Predicting the effect of changing climate on landscapes with computer based landscape evolution models

Arnaud Temme
Wageningen University, Environmental Sciences
Author Profile

Shortcut URL: https://serc.carleton.edu/39989

Location

Continent: Africa
Country: South Africa
State/Province:KwaZulu Natal
City/Town: Okhombe
UTM coordinates and datum: none

Setting

Climate Setting: Semi-Arid
Tectonic setting: Craton
Type: Computation


Overview of Southern Africa, Kwa Zulu Natal and the location of the study site Details


An overview of Okhombe valley where the modelling study was performed Details


Description

Predicting the effect of changing climate on landscapes with computer based landscape evolution models.
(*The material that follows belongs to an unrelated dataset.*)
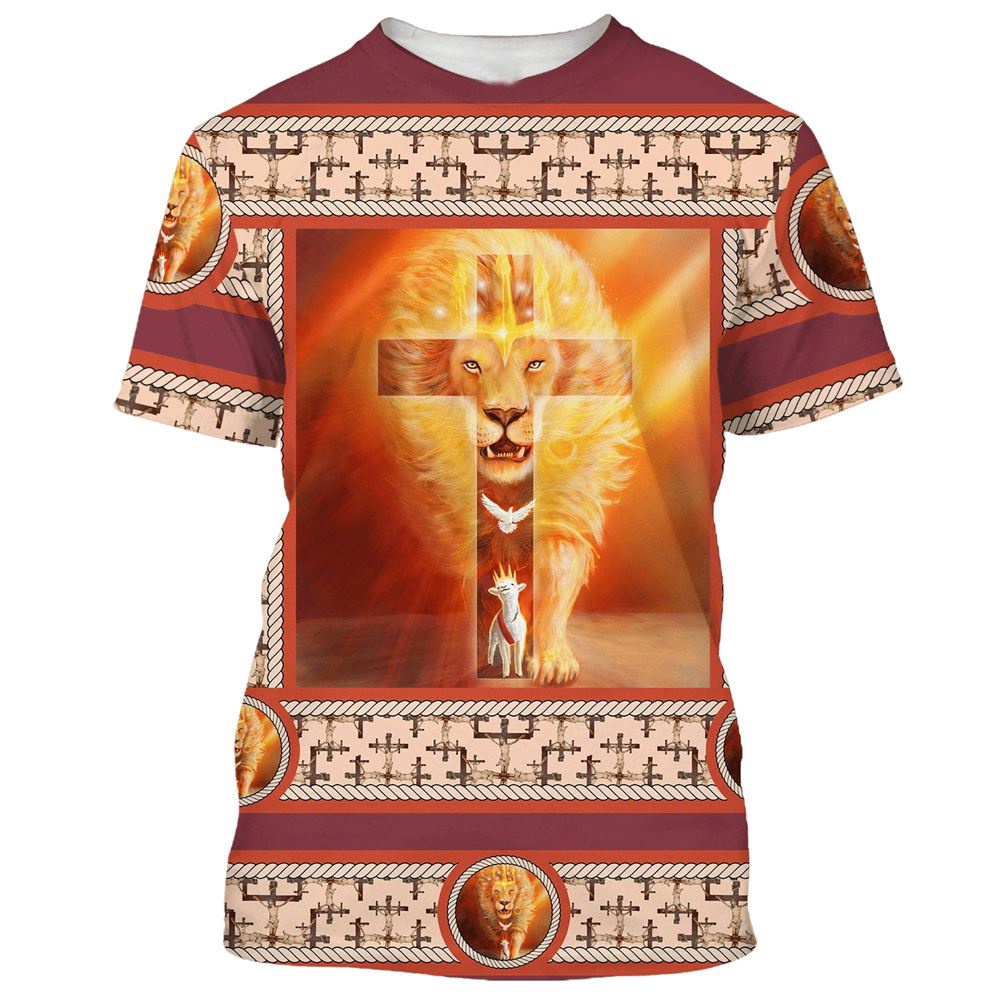 The Lion Lamb Dove Cross 3D T Shirt Christian T Shirt Jesus Tshirt Designs Jesus Christ Shirt 1 inffo9.jpg The Lion Lamb Dove Cross 3D T Shirt Christian T Shirt Jesus Tshirt Designs Jesus Christ Shirt 1 inffo9.jpg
Future climate change will influence the processes that shape our landscapes. Knowing this influence is important to make long-term land use decisions. Comparisons of landscapes under stable climate with the same landscapes under changing climate could expose the effect of changing climate. This type of experiment is obviously not possible with real landscapes (they are too large to duplicate and the experiment would take too long).

Landscape evolution models and their problems

Computer-based geomorphological models are the only tools available for simulation of landscape change--be it due to climate change, human activity or tectonics. These models, also known as Landscape Evolution Models (LEMs, Coulthard, 2001) calculate landscape change as the sum of contributions of multiple, interacting landscape processes like erosion, deposition and landsliding. Topographic variables are important factors in such calculations, usually in the form of Digital Elevation Models and derived variables such as slope or curvature.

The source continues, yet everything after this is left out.